**Task prompt**. All of the data is to be written out again exactly, without the pictures.
BEGIN Data block
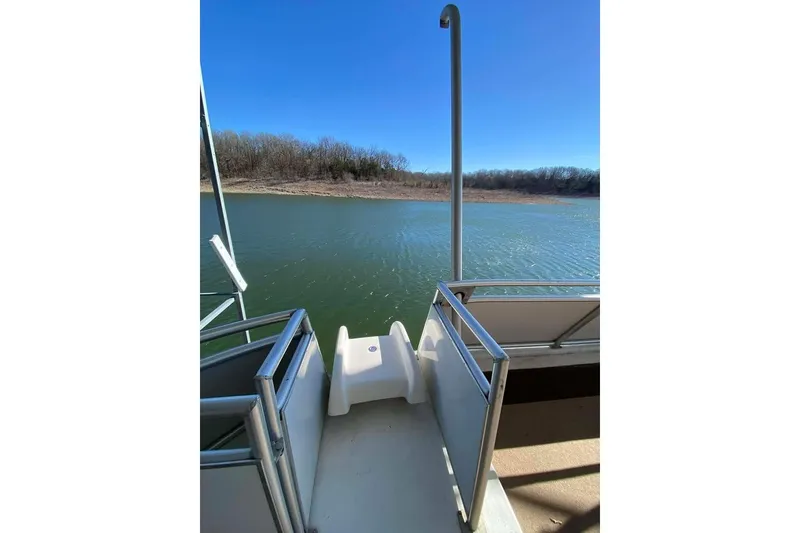 Slide: The Image of Luxurious Summerset 21' x 106' 2007 houseboat interior with bar stools and mounted TV. - 152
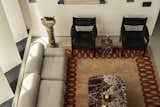 This living room features a plush neutral sofa, bold black leather chairs, and a striking marble coffee table atop a patterned rug, blending contemporary comfort with timeless sophistication.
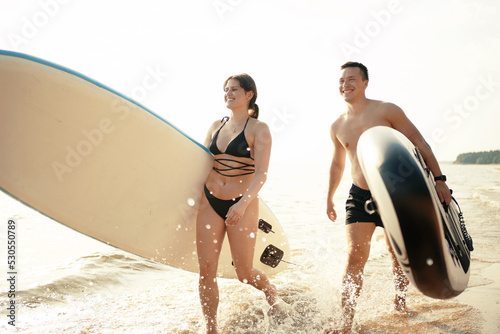 People man and woman go riding water sport sup board. © muse studio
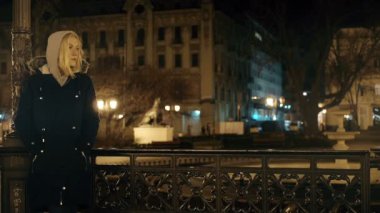 Neşeli üzerinde bekleyen kadın ve aydınlatır sokaklar Noel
END Data block
**Exercise result**.
 Slide: The Image of Luxurious Summerset 21' x 106' 2007 houseboat interior with bar stools and mounted TV. - 152
 This living room features a plush neutral sofa, bold black leather chairs, and a striking marble coffee table atop a patterned rug, blending contemporary comfort with timeless sophistication.
 People man and woman go riding water sport sup board. © muse studio
 Neşeli üzerinde bekleyen kadın ve aydınlatır sokaklar Noel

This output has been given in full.